After a few years of intense activism and numerous campaign defeats, I became disillusioned with the political process, though somehow I still believed in the legitimacy of the system. Perhaps I saw no other alternative at the time.
I remember when my friend told me that he was starting a website called Strike The Root, a pro-liberty journal whose mission is to advance the cause of liberty through non-political means. First of all, I didn’t know what the hell Strike The Root meant. I never read Thoreau, not even in high school literature class (thank goodness for CliffsNotes--another great product of the free market!).
Secondly, the concept of promoting liberty through non-political means was foreign to me. How is this possible? At least elections and the political process are tangible entities. There are distinct winners and losers in every election. How do you quantify success if you are promoting liberty through non-political means?
Of course, none of this would be possible without the editor and founder of STR. Because of his ceaseless efforts, STR has grown from a little-known journal seeking an audience in the Internet wasteland to become a beacon of liberty around the world.
Among the many extraordinary discoveries and inventions of the ancient Greek mathematician Archimedes was the law of the lever, which demonstrated that a rigid object used with an appropriate fulcrum or pivot point will multiply the mechanical force that can be applied to another object. “Give me a place to stand and a lever long enough and I will move the world,” he reportedly said.
Strike The Root is the Archimedes’ Lever of liberty on the Internet.
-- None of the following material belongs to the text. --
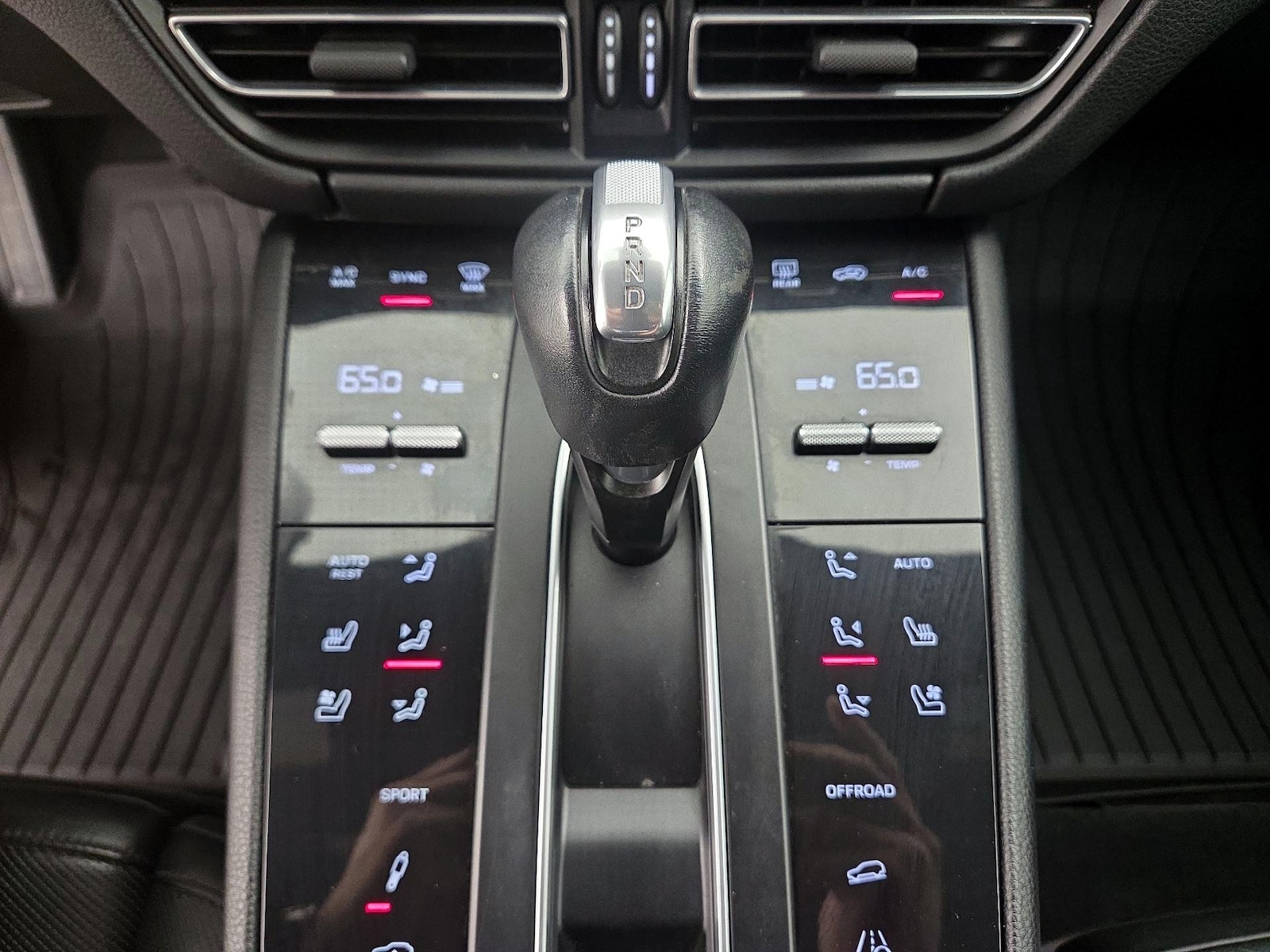 2022 Porsche Macan Base - Photo 19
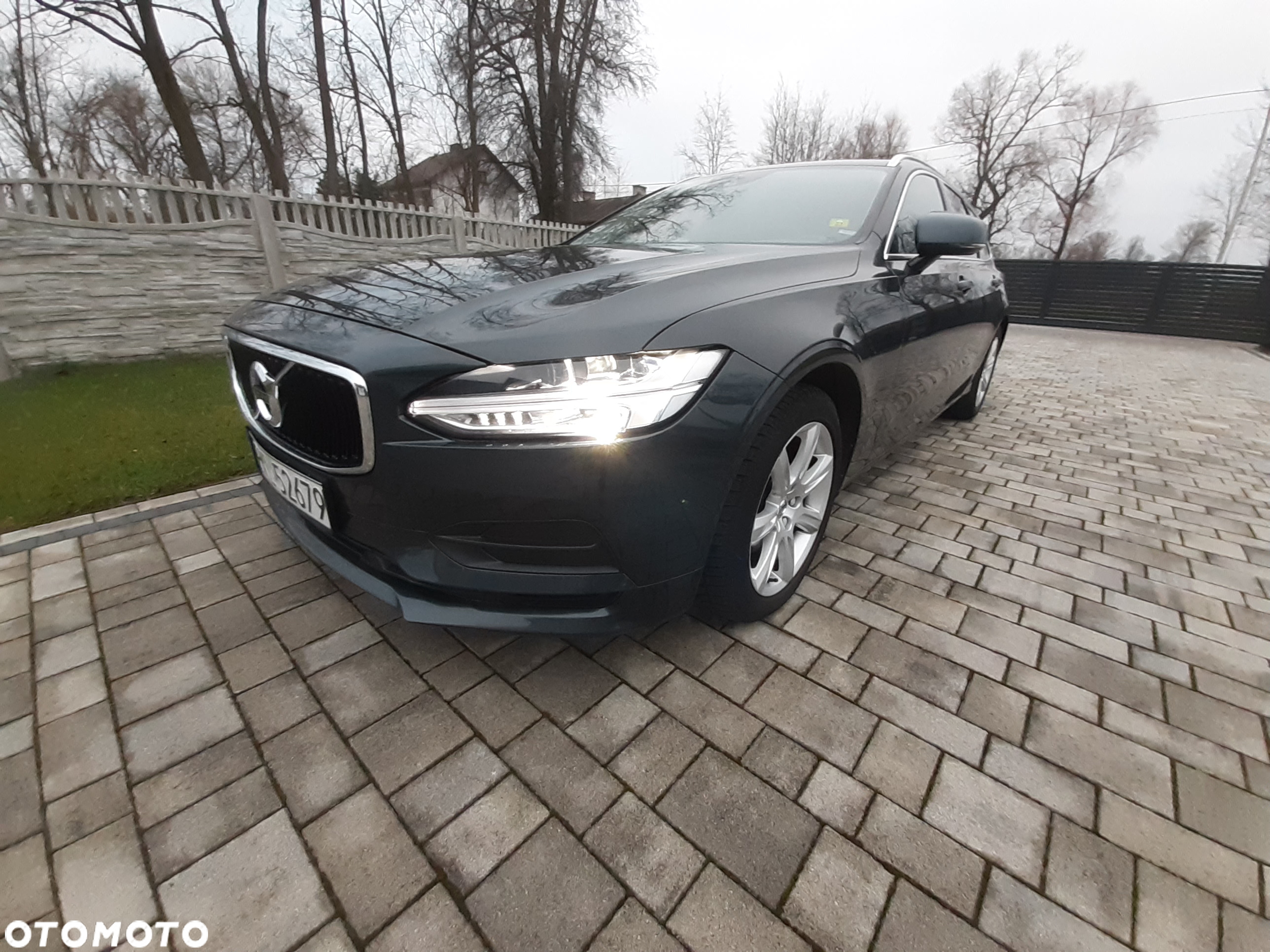 Volvo V90 D3 Momentum - 9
It’s the intellectual Red Pill--an escape from the Matrix of government propaganda and pro-statist ideology espoused by the mainstream media. It’s a sharp stick in the eye of the political establishment. It’s a Twelve-Step Recovery Program for collectivists in one giant libertarian leap.
STR seeks a world where people are free to live their lives as they see fit, as long as they don't use force or fraud against peaceful people. Five years on, it’s fulfilling its objective. Keep the dream alive!